The girls, it seemed, were a dashing and exclusive group whose number, and conduct, had earned for them the sobriquet of “The Naughty Nine”. They were the envy of all those who stood without the golden circle drawn round them, and subsequently, by dint of heroic pressure that was brought to bear, their number was increased by three and they became “The Dirty Dozen”. The youths were the scions of Ottawa’s aristocracy.

“You don’t care for them?” asked Sullivan. “You wouldn’t like Althea to behave in that way?”

The bare suggestion produced physical pain. “But, she wouldn’t,” cried Marjorie. “She couldn’t, Mr. Sullivan! Not that they aren’t very—er—bright,” she added, seeking to say the kindly thing.

When they returned to the room, the girls were dressed in Mr.
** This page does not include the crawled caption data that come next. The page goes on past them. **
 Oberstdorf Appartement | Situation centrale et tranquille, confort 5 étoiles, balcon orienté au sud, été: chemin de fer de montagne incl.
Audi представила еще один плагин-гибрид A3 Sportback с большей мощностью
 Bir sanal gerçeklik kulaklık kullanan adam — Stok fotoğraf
Barrington’s clothing—business suits, riding breeks, pyjamas and underwear, while the boys had costumed themselves in their hostess’s attire.
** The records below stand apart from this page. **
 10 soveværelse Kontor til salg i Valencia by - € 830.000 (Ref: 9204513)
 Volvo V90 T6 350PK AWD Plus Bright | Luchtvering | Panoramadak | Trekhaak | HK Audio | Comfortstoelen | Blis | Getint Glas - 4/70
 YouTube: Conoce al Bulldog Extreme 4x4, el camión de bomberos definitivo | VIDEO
Marjorie kept telling herself that she was dreaming.

She longed to go home. She could neither enter into the revelry nor did she wish to separate herself from the crowd and stay alone with Sullivan. She had been very uncomfortable with him, lately. Sometimes, almost afraid. She refused to acknowledge this fear, even to herself, but she knew that it existed.
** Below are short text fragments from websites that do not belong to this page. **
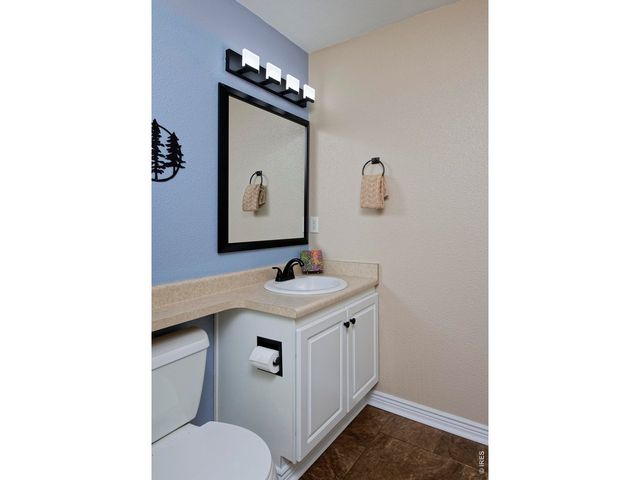 1209 Button Rock Dr, Longmont, CO 80504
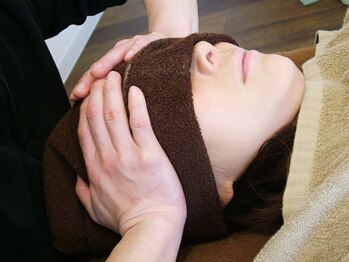 ほぐし屋KID/ヘッドマッサージ(眼精疲労ケア)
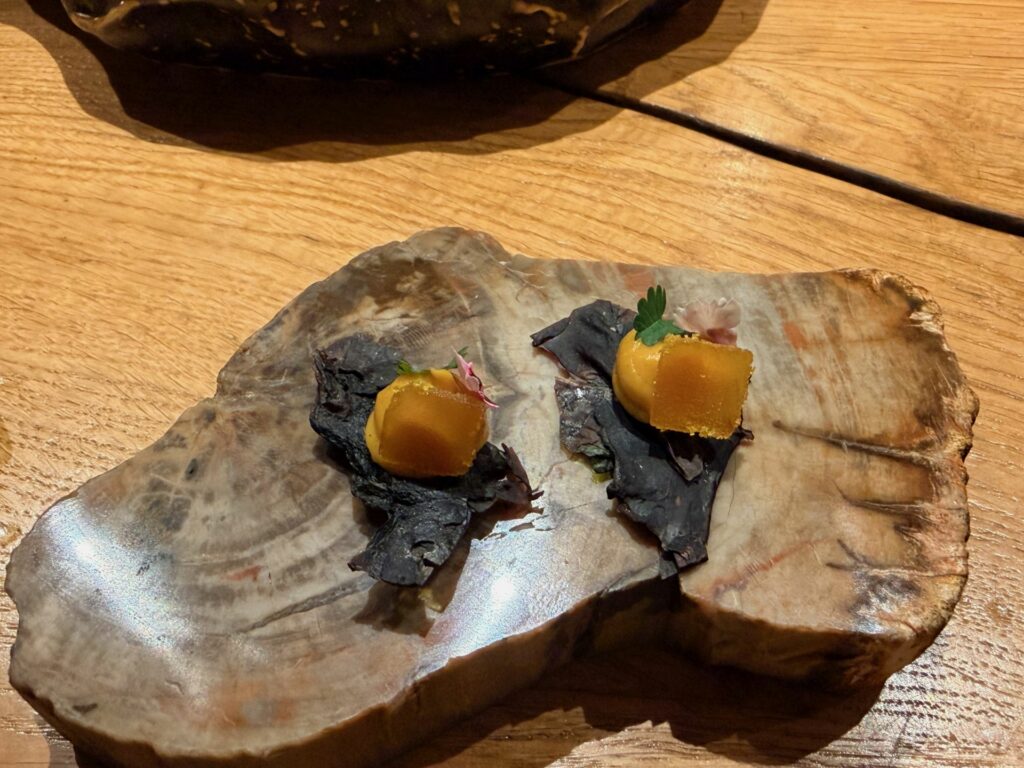Alghe croccanti con acqua di mare, purè di patata dolce, liquirizia, bottarga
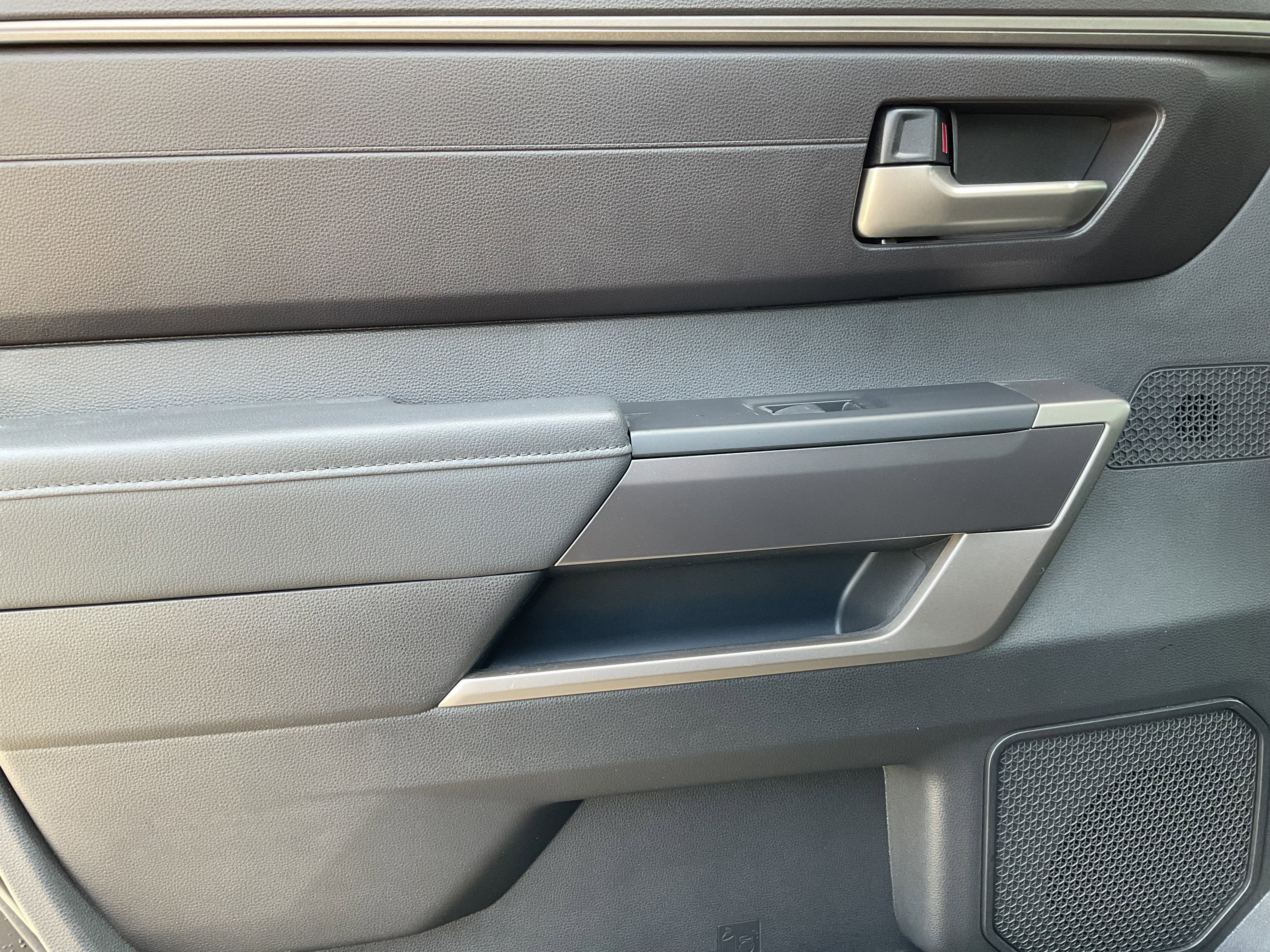 2023 Toyota TUNDRA 4X4 SR5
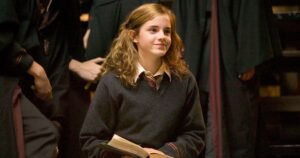 FilmyHigh 17 Emma Watson Tooth Transformation: From Fake Teeth to a Natural Hollywood Smile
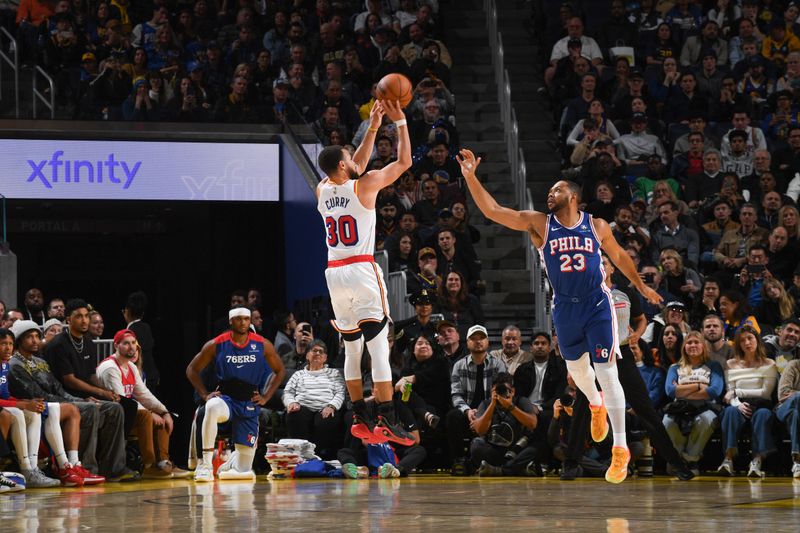 SAN FRANCISCO, CA - JANUARY 2:  Stephen Curry #30 of the Golden State Warriors shoots a three point basket during the game against the Philadelphia 76ers on January 2, 2025 at Chase Center in San Francisco, California. NOTE TO USER: User expressly acknowledges and agrees that, by downloading and or using this photograph, user is consenting to the terms and conditions of Getty Images License Agreement. Mandatory Copyright Notice: Copyright 2025 NBAE (Photo by Noah Graham/NBAE via Getty Images)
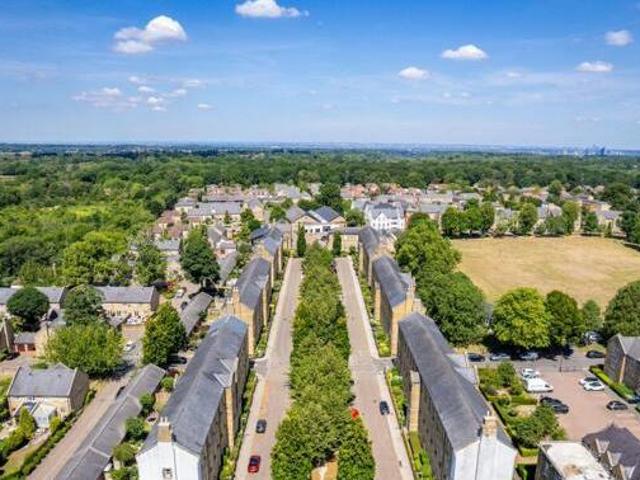 House for sale in Hillview, Surrey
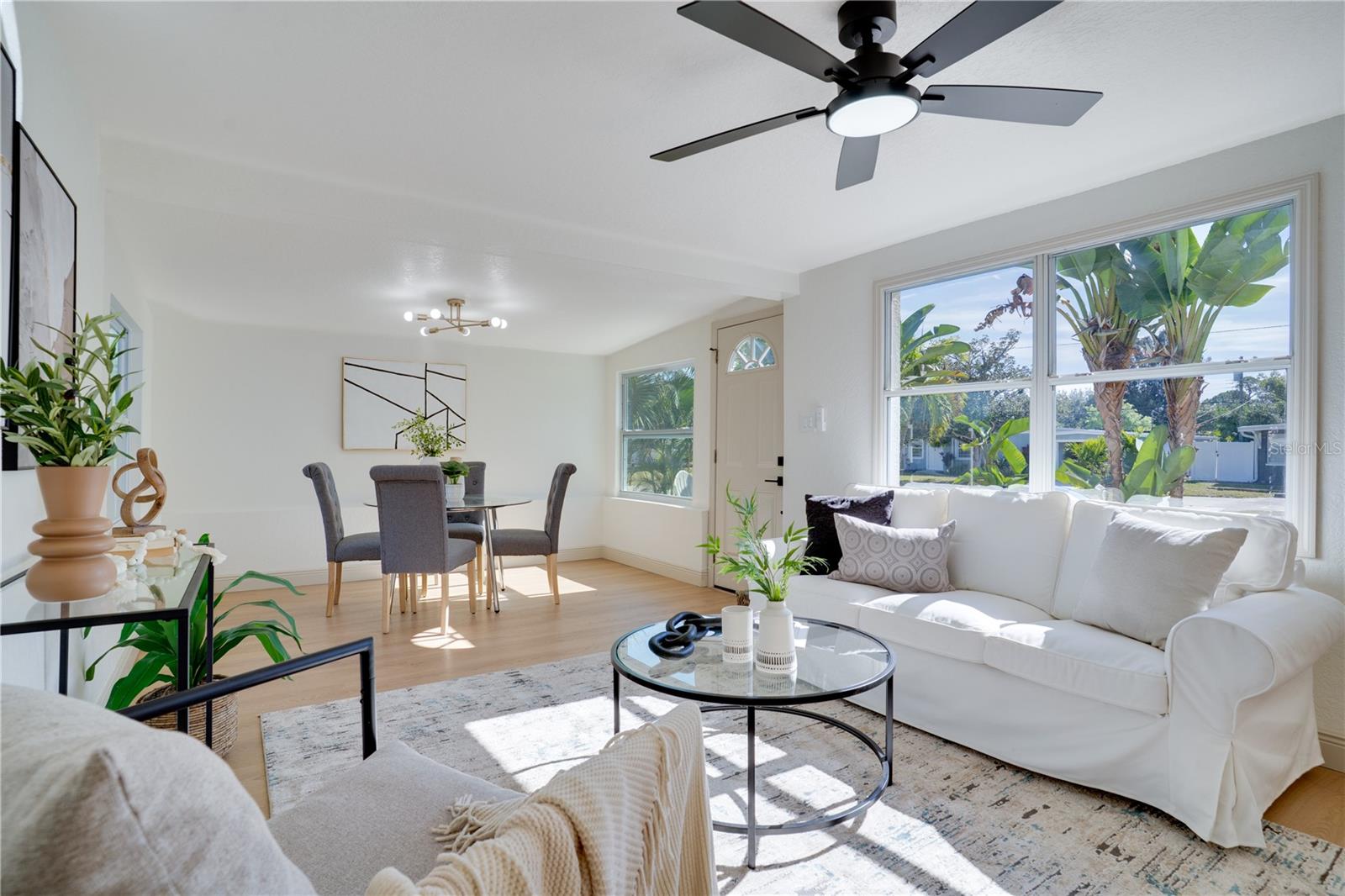 Image 5 of 32 For 10333 108th Avenue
The conversation in the Gallery recurred to her with disturbing vividness—not that slander ever influenced her judgment—ever! The person who was swayed by unkind criticism was, in her opinion, no better than the person who uttered it. At the same time, there was something about the Hon. Member for Morroway from which she instinctively shrank, without suspecting that she was making, by her attitude, a confession of her secret impression of the man.

No amount of reasoning could correct this state of affairs. In vain did she tell herself that he was old enough to be her father, and that his frank affection for them all was merely the enthusiastic expression of a lonely man’s dependence upon a kindly household. In vain did she try to overcome a sensation of shame and personal impurity after she had been alone with him.

“My own mind must be evil,” she scourged herself, time and again. “He never has done or said a thing that Raymond couldn’t know. What does make me feel so wicked when I’m alone with him?”

It may have been a sense of impotence that frightened her. She could never see the wheels of Mr. Sullivan’s mind in operation, she could never tell what he was going to do. He seemed to arrive at a goal magically, without progressing step by step, and he had such an uncanny way of divining what she was thinking.